The bank, in its opening submissions for trial at the Business and Property Courts of England and Wales Commercial Court, said it sought consent from the UK Serious Organised Crime Agency (SOCA), which considered the request in tandem with the Metropolitan Police Service’s Economic and Specialist Crime Proceeds of Corruption Unit.
“SOCA told JPMC that it was engaging with a UK law-enforcement officer based in Nigeria and the UK High Commission in Nigeria as part of its investigation,” it said.
“SOCA, which had access to far more information about the relevant events than JPMC did, gave its consent for JPMC to make the payment.” JPMC said the payment requests were subjected to “a high degree of scrutiny within JPMC”.
“As will appear, despite its limited role in relation to the 2011 settlement, JPMC went to considerable lengths to ensure that the payments it was asked to make were correctly authorised and should be made. That involved a large number of the bank’s personnel, many very senior, in the UK, US and Nigeria,” it said.
“For example, JPMC attended meetings with senior representatives of the FGN in Nigeria to conduct the necessary “know your customer” (“KYC”) checks and to verify the authorised signatories for the Depository Account.
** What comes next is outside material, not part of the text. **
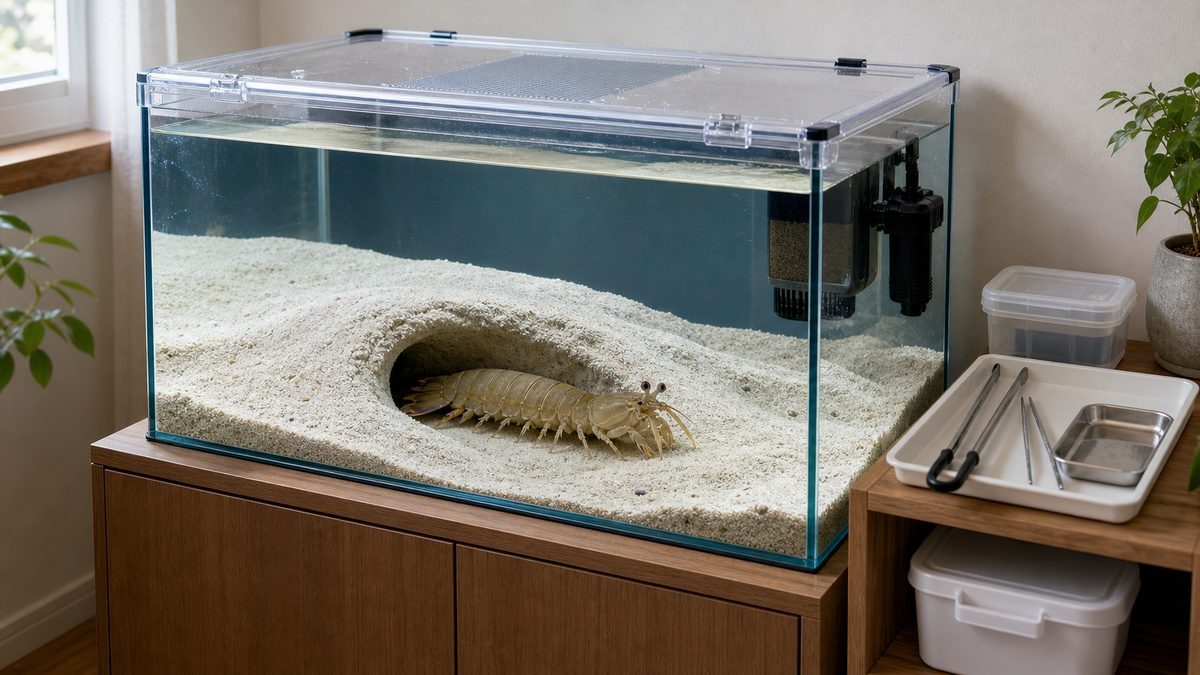 ふた・巣穴・長い道具を備えたシャコ一匹だけの海水水槽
JPMC understood that the purpose of the Resolution Agreements was to settle the long-running disputes about OPL 245 and that President Jonathan had personally approved the settlement.”
Shell and ENI paid a total of $1.3 billion to Nigeria’s account at JP Morgan — $801 million to Malabu, the original OPL 245 llottees, and $210 million as signature bonus to the federal government.
Nigeria is seeking $1.7 billion from JP Morgan for allegedly failing in its Quincecare duty which, the country says, would have revealed that the deal was a “fraudulent and corrupt scheme” .
An Italian court in March 2021 dismissed all charges of corruption in the transaction, discharging and acquitting all the defendants, including Shell, ENI and Dan Etete.
The US Department of Justice (DoJ) previously investigated the OPL 245 deal and announced in October 2019 that it was closing the case.
In April 2020, the US Securities and Exchange Commission also closed investigation into the controversial deal after it could not prove fraud or corruption.